Problem requirements: From the line containing "Tropisch regenwoud vlakbij" to the line containing "Elisabethsdal 15 Weert thumbnail 15" in the entries below, reproduce every line exactly, ends included. Nothing else belongs in the copy, and no pictures.

Supplied information:
<<<<

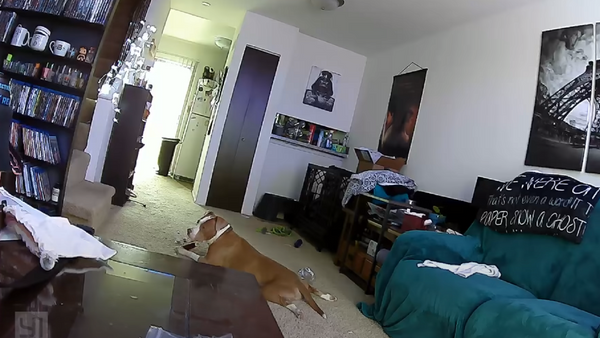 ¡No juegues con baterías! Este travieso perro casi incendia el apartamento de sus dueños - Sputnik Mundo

>>>>
<<<<

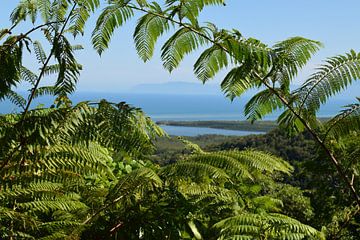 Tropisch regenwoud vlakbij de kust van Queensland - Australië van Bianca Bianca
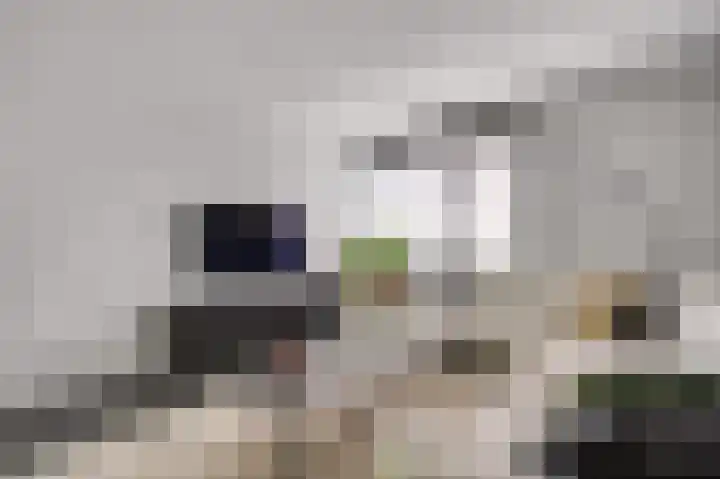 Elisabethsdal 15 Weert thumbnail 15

>>>>
<<<<

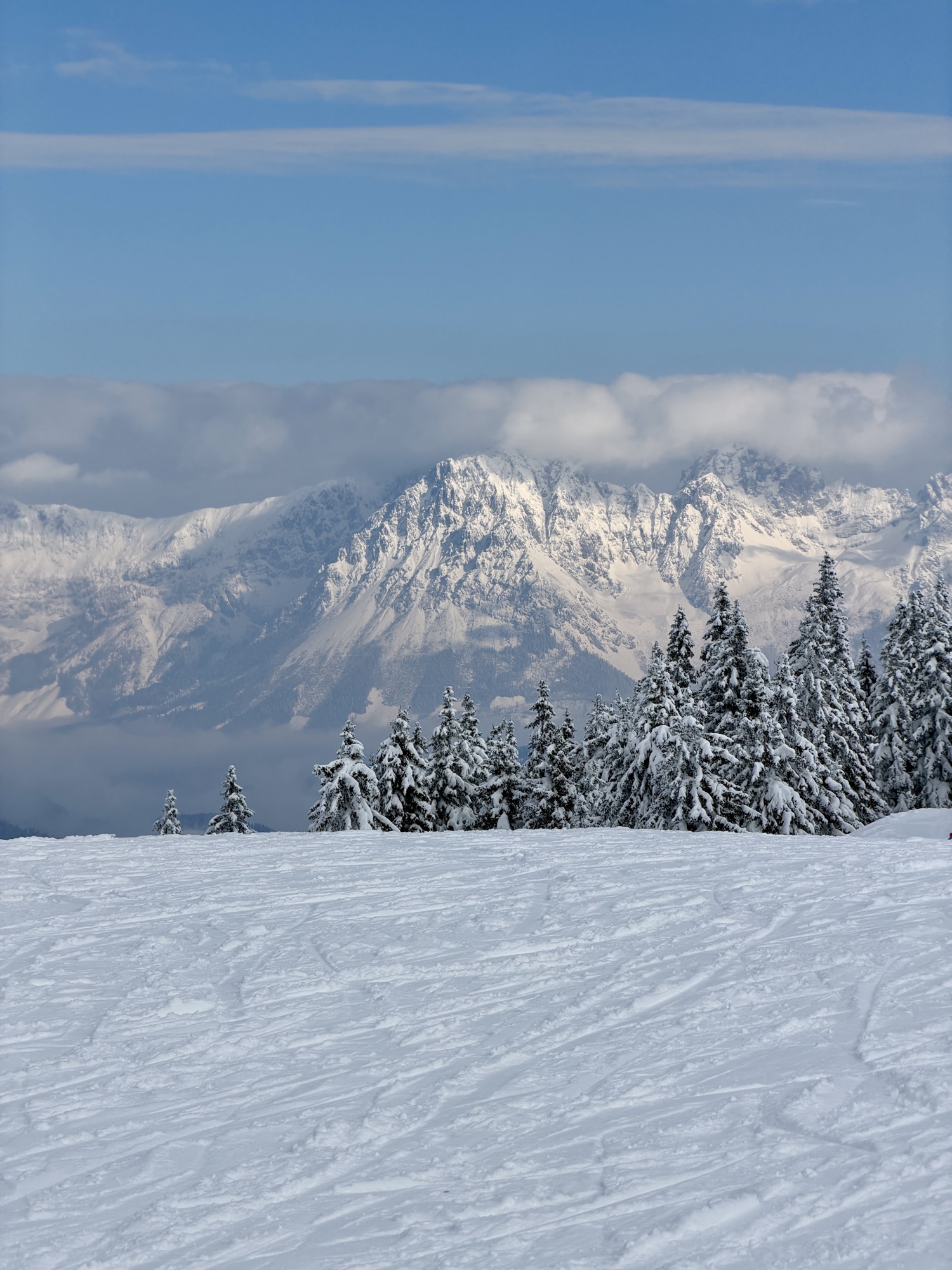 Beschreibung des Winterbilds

>>>>

Exercise result:
 Tropisch regenwoud vlakbij de kust van Queensland - Australië van Bianca Bianca
 Elisabethsdal 15 Weert thumbnail 15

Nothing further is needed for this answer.